Time Series Data Mining with Python¶

Feng Li

School of Statistics and Mathematics

Central University of Finance and Economics

feng.li@cufe.edu.cn

https://feng.li/python

Textbooks¶

  • We will stick fairly close to course materials but the following books can supplement your learning
    • Hyndman, Rob J and George Athanasopoulos, Forecasting: Principles and Practice.
      • English Free online
      • Chinese Translation
    • Tsay, Ruey, (2010), Analysis of Financial Time Series, Available from major retailers.

Software Tools¶

  • In this course we use Python. If you do not have Python experience, watch my teaching videso at https://feng.li/python.
  • Lecture slides have embedded Python code and can be used interactively.
  • Tutorials are built on Jupyter Notebooks.
  • The emphasis is on forecasting in practice as well as the theory of forecasting.

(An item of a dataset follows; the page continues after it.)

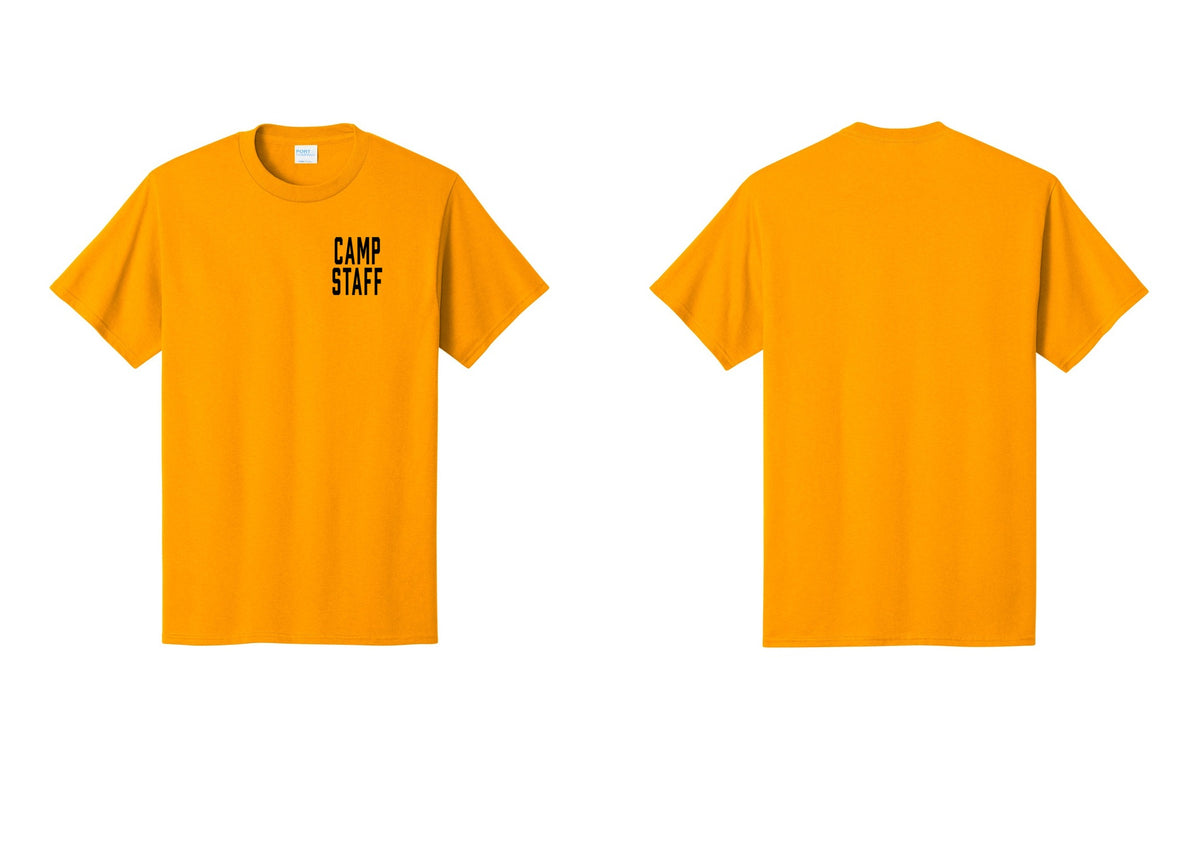 NYC Factory Unisex Camp Staff Classic T-Shirt - Chest Only - Gold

Time Series and Forecasting¶

  • The focus of this course is forecasting (what a suprise).
  • In this course we mostly consider numerical variables
    • Example: electricity demand
  • Will mostly use the history of the variable we want to forecast or time series itself.
    • Make a forecast $\hat{y}_{T+h}$ targeting $y_{T+h}$
    • Use $y_1,y_2,\dots,y_T$
  • Here $h$ is the forecast horizon.

Forecasting vs Prediction¶

  • In other courses you have made predictions $\hat{y}=f(\mathbf{x})$, where $\mathbf{x}$ are some independent variables.
  • A forecast is just a prediction in the future
  • Any method can be used if $f(\mathbf{x})$ includes information available when the forecast is made
  • Unlike general regression methods, in time series forecasting there are techniques to exploit the temporal structure or patterns in the data.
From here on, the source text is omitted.